Instead, you can look at the first few lines of data with Option 3.
Head() function. I can write
head(File). This returns the first few rows of your
dataset. Remember, this needs to be the name of YOUR dataframe within
the ().head(File)
## Fertilizer Plant_Height_cm
## 1 A 15.2
## 2 A 16.8
## 3 A 14.5
## 4 A 17.0
## 5 A 15.5
## 6 A 16.2
Step 1. The below bit of code runs an ANOVA in R. Let’s break it down.
aov.output <- aov(Plant_Height_cm ~ Fertilizer, data = File)
aov() This is the function for calling an ANOVA in
R.
(Plant_Height_cm ~ Fertilizer This is telling R to run the
ANOVA using the columns named “Plant_Height_cm” and “Fertilizer”.
Remember, we’re looking at the effect of fertilizer type on plant
height! How would you set this up for your dataset?
Note, that you’ll have to type the names EXACTLY the
way you have them in your csv file. Don’t use spaces, use _
instead.
data=File) This is telling the ANOVA function where to pull
the data from!
aov.output This is where we are putting the results of the
ANOVA
aov.output <- aov(Plant_Height_cm ~ Fertilizer, data = File)
Okay…..Where are the results of our ANOVA?!
Step 2: To view the results of our ANOVA, we need to call our ANOVA table up. We can do this with this line of code.
summary(aov.output)
This table pops up in our console.
## Df Sum Sq Mean Sq F value Pr(>F)
## Fertilizer 3 446.3 148.78 480 <2e-16 ***
## Residuals 36 11.2 0.31
## ---
## Signif. codes: 0 '***' 0.001 '**' 0.01 '*' 0.05 '.' 0.1 ' ' 1
What information do we need? Do you see the column labeled Pr(>F), that’s our p value! The asterisks beside it are our significance values, as shown at the bottom of the table.
For Fertilizer our p value is less than 2e-16, in other words, our p value is very close to 0. Do you remember what a small p value means?
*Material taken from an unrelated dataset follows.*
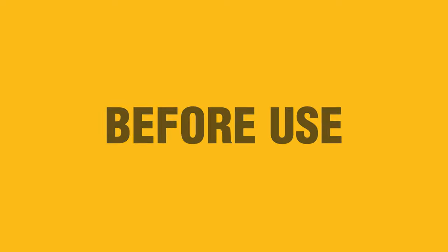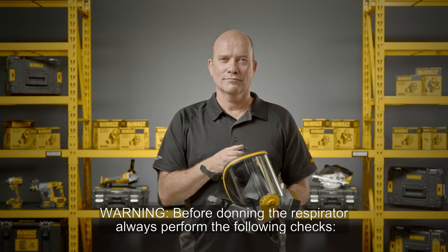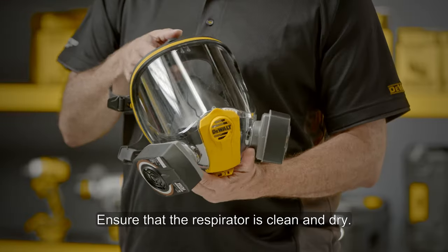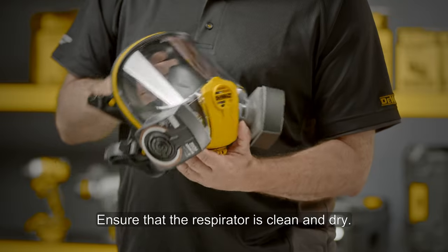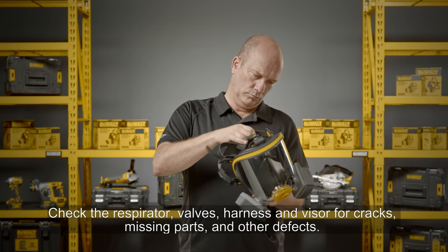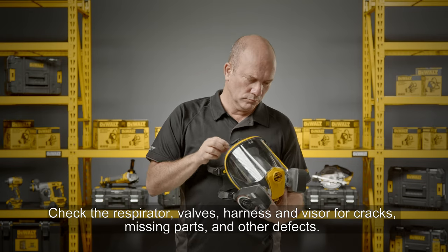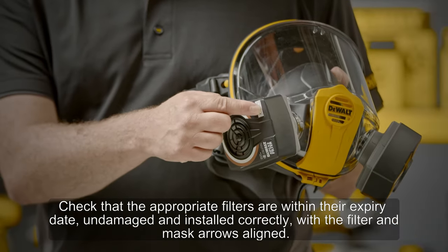Before use warning: before donning the respirator, always perform the following checks. Ensure that the respirator is clean and dry. Check the respirator valves, harness, and visor for cracks, missing parts, and other defects.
That’s right! A small p value means we reject our null. Fertilizer does have an effect on plant height!
But wait…we had a control and 3 fertilizer treatments….Do…all the treatments have an effect?
We don’t know. The ANOVA can only tell us if there is an effect or fertilizer, not where that effect is.
We need another test!
If our p value is significant, we can run a Tukey test to determine where the differences are. A Tukey test is a type of Post Hoc analysis (this means you run it after your ANOVA) that compares pairwise differences among sample means.
TukeyHSD(aov.out)
TukeyHSD This is the function for a Tukey Test
(aov.out) This is what you stored your ANOVA results as in
the previous steps.
## Tukey multiple comparisons of means
## 95% family-wise confidence level
##
## Fit: aov(formula = Plant_Height_cm ~ Fertilizer, data = File)
##
## $Fertilizer
## diff lwr upr p adj
## B-A 2.78 2.1094219 3.4505781 0.0000000
## C-A -5.03 -5.7005781 -4.3594219 0.0000000
## Control-A -4.96 -5.6305781 -4.2894219 0.0000000
## C-B -7.81 -8.4805781 -7.1394219 0.0000000
## Control-B -7.74 -8.4105781 -7.0694219 0.0000000
## Control-C 0.07 -0.6005781 0.7405781 0.9921101
And like that, we’ve completed an ANOVA with only a few lines of code!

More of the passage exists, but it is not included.